- WHAT TO PRODUCE -
Keep the pictures out of the copy and print all the entries below exactly.

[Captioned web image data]
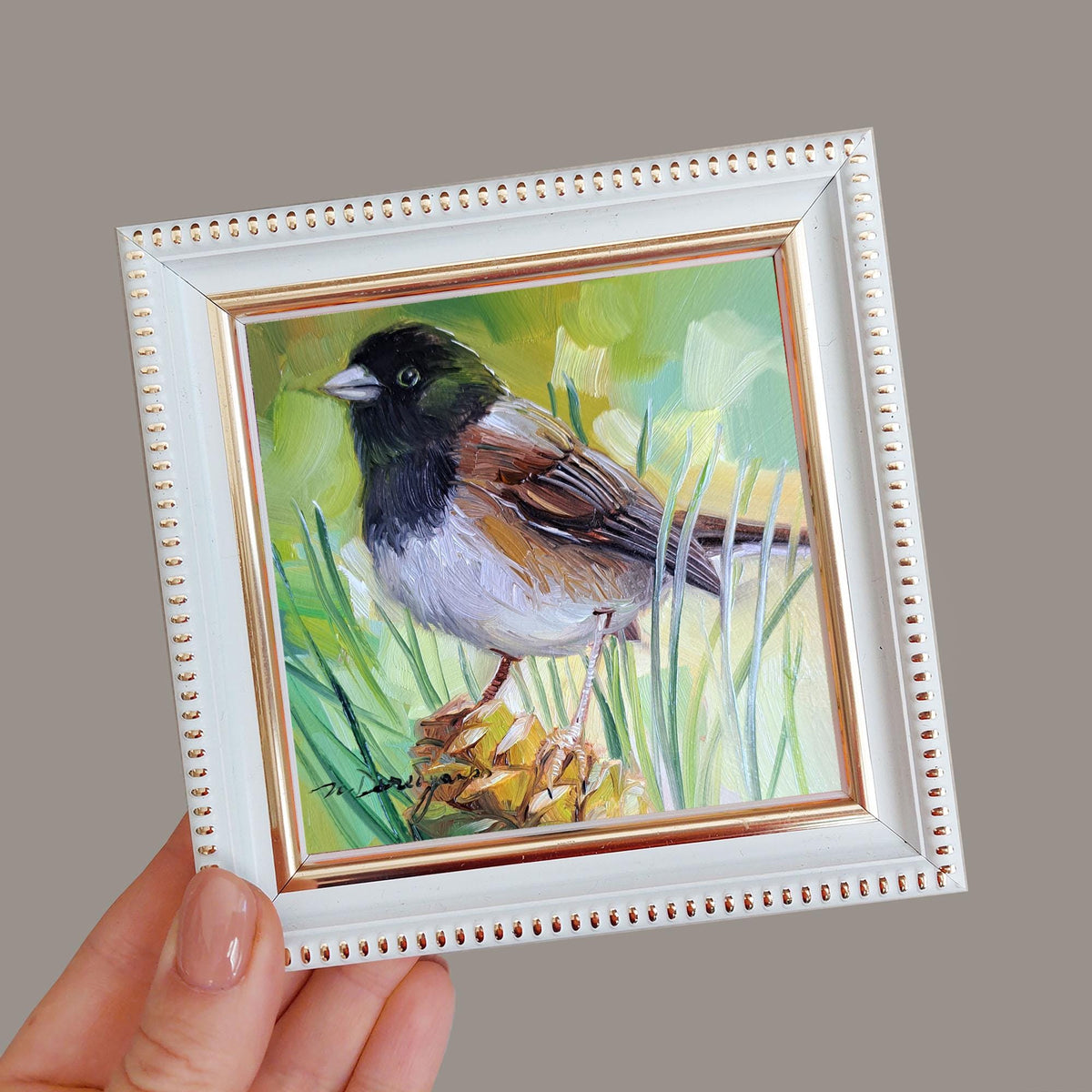 Bird oil painting 4x4 miniature paintings Dark-eyed junco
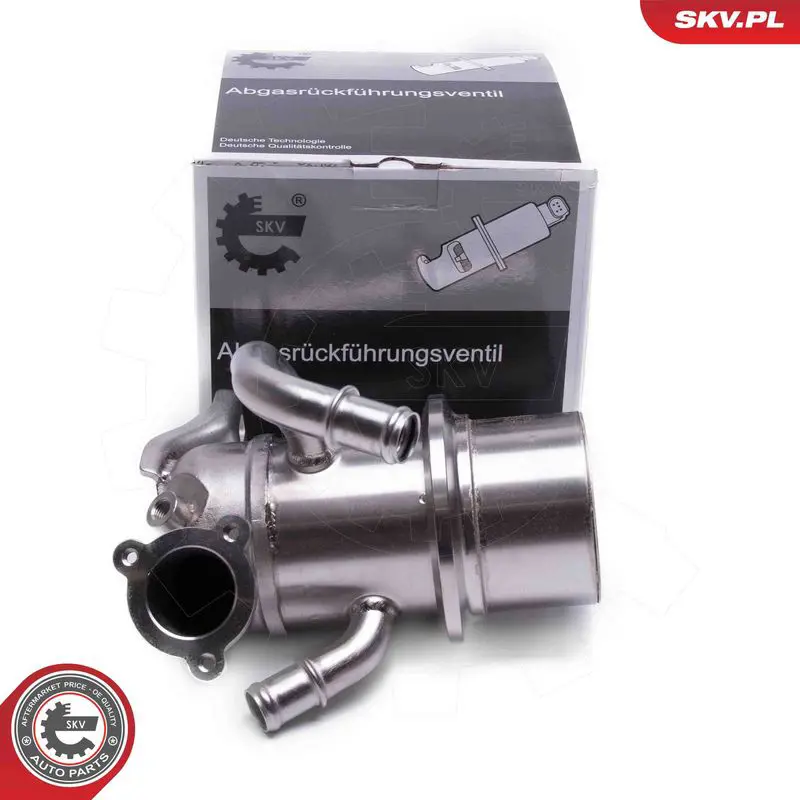 ESEN SKV 14SKV243 Клапан возврата ОГ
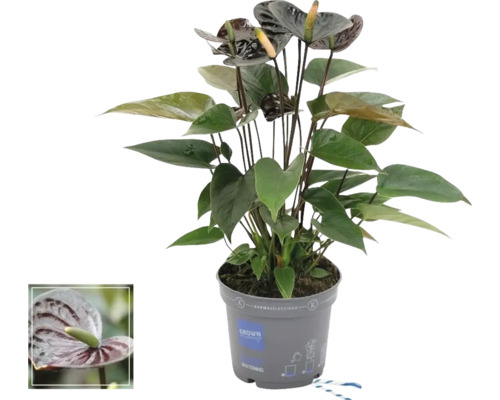 Flamingoblume/ Anthurie FloraSelf Anthurium andreanum 'Black Love' H 10-20 cm Ø 12 cm Topf Flamingoblume/ Anthurie FloraSelf Anthurium andreanum 'Black Love' H 10-20 cm Ø 12 cm Topf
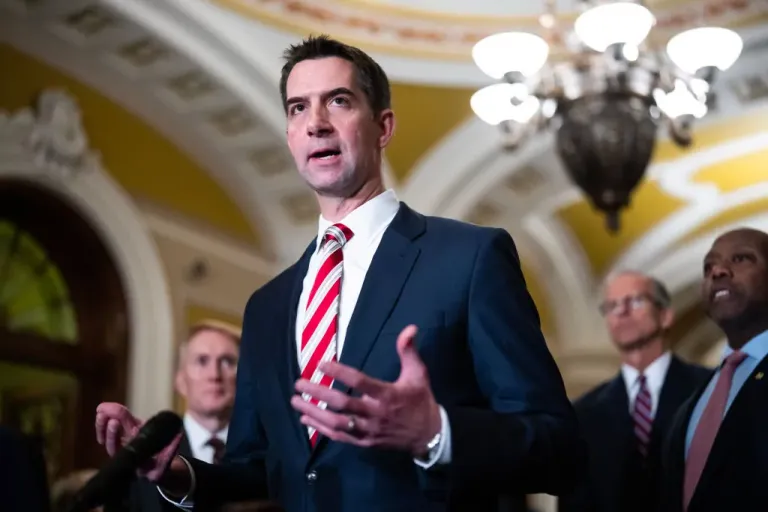 Tom Cotton calls on DOD to bar foreigners from access to Pentagon online systems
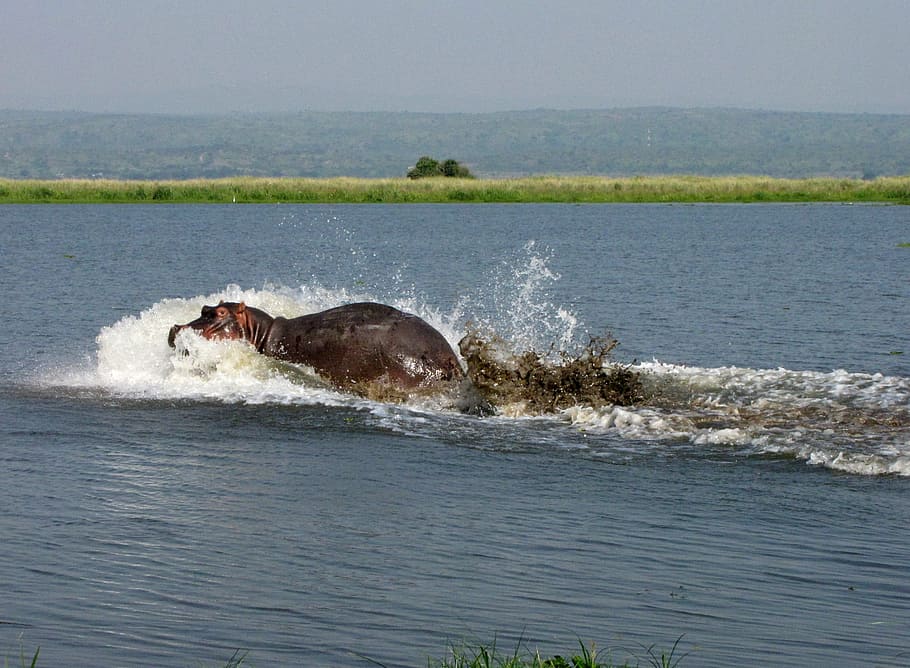 hippo, nile, uganda, sea, animal, mammal, nature, wildlife HD wallpaper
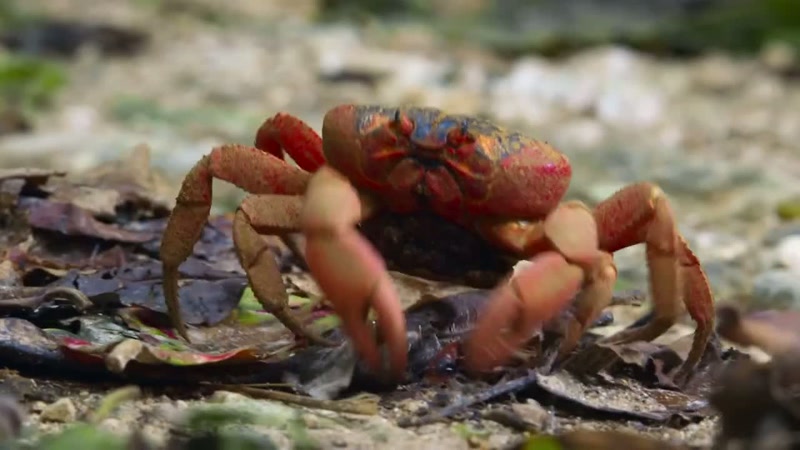 '..and they hunt red crabs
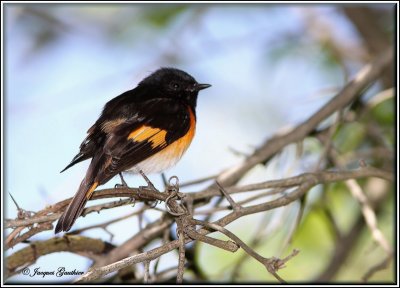 Paruline flamboyante (American Redstart )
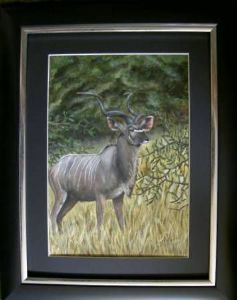 "Kudu in bush"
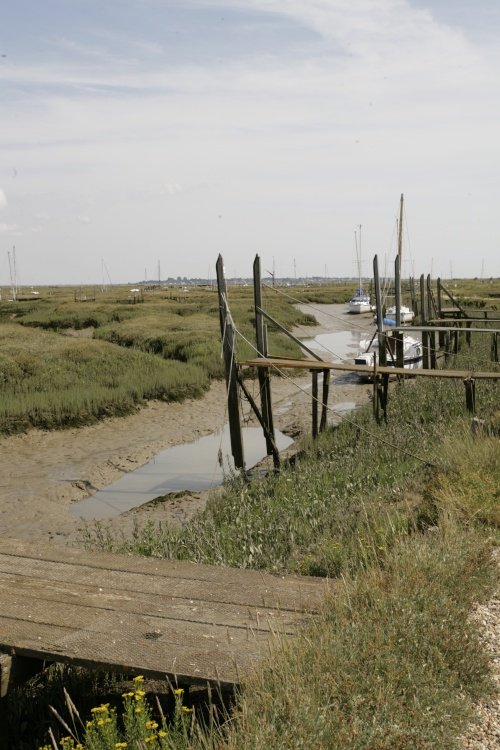 The Estuary and Creek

- TASK RESPONSE -
 Bird oil painting 4x4 miniature paintings Dark-eyed junco
 ESEN SKV 14SKV243 Клапан возврата ОГ
 Flamingoblume/ Anthurie FloraSelf Anthurium andreanum 'Black Love' H 10-20 cm Ø 12 cm Topf Flamingoblume/ Anthurie FloraSelf Anthurium andreanum 'Black Love' H 10-20 cm Ø 12 cm Topf
 Tom Cotton calls on DOD to bar foreigners from access to Pentagon online systems
 hippo, nile, uganda, sea, animal, mammal, nature, wildlife HD wallpaper
 '..and they hunt red crabs
 Paruline flamboyante (American Redstart )
 "Kudu in bush"
 The Estuary and Creek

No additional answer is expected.